Ma il Vangelo di Matteo, a differenza di Luca, parla di «poveri in spirito». Che cosa vuol dire? Lo spirito, secondo la Bibbia, è il soffio della vita che Dio ha comunicato ad Adamo; è la nostra dimensione più intima, diciamo la dimensione spirituale, la più intima, quella che ci rende persone umane, il nucleo profondo del nostro essere. Allora i “poveri in spirito” sono coloro che sono e si sentono poveri, mendicanti, nell’intimo del loro essere. Gesù li proclama beati, perché ad essi appartiene il Regno dei cieli.

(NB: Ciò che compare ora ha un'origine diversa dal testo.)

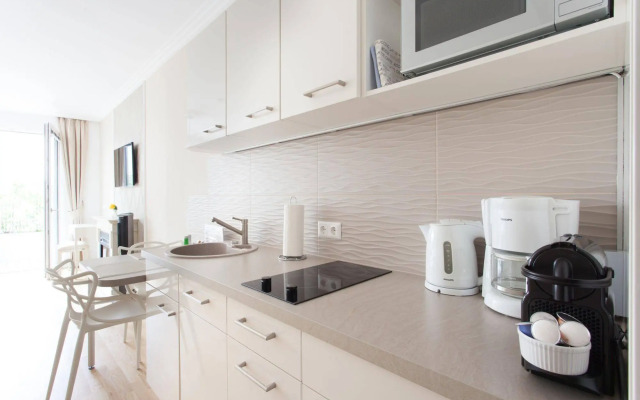 Sofie Apartments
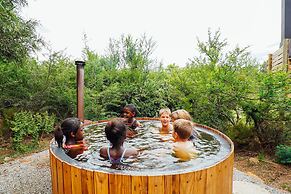 AfriCamps at Kam'Bati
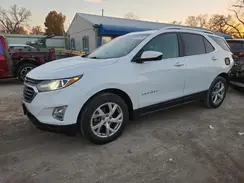 2GNAXLEX6L6180627 2020 CHEVROLET EQUINOX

Quante volte ci è stato detto il contrario! Bisogna essere qualcosa nella vita, essere qualcuno… Bisogna farsi un nome… È da questo che nasce la solitudine e l’infelicità: se io devo essere “qualcuno”, sono in competizione con gli altri e vivo nella preoccupazione ossessiva per il mio ego. Se non accetto di essere povero, prendo in odio tutto ciò che mi ricorda la mia fragilità. Perché questa fragilità impedisce che io divenga una persona importante, un ricco non solo di denaro, ma di fama, di tutto.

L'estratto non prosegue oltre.